▶ _WHAT IS BEING ASKED_
Below is a listing to repeat exactly, with its pictures left out.

▶ _GIVEN MATERIAL_
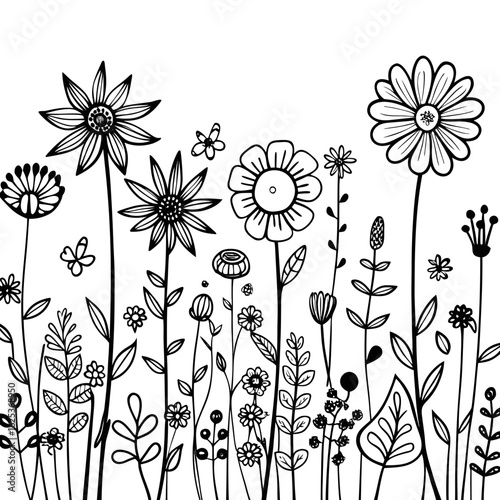 black-and-white-hand-drawn-wildflower-border--sim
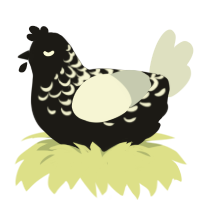 A sable and mist chicken with a half-lace pattern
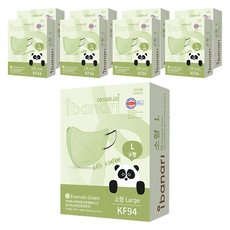 ibanari 孩童用防塵口罩 KF94 L號, 9盒, 10片, 翡翠綠色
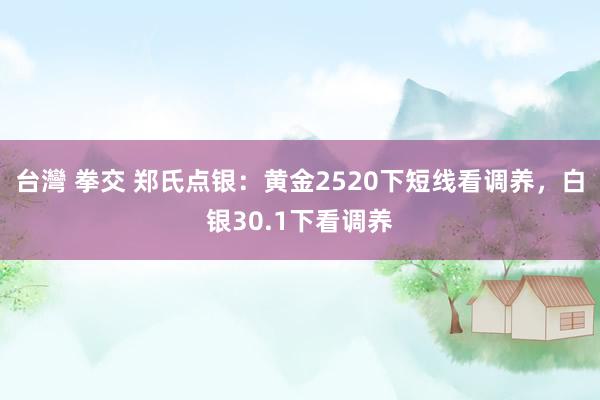 台灣 拳交 郑氏点银：黄金2520下短线看调养，白银30.1下看调养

▶ _SOLUTION_
 black-and-white-hand-drawn-wildflower-border--sim
 A sable and mist chicken with a half-lace pattern
 ibanari 孩童用防塵口罩 KF94 L號, 9盒, 10片, 翡翠綠色
 台灣 拳交 郑氏点银：黄金2520下短线看调养，白银30.1下看调养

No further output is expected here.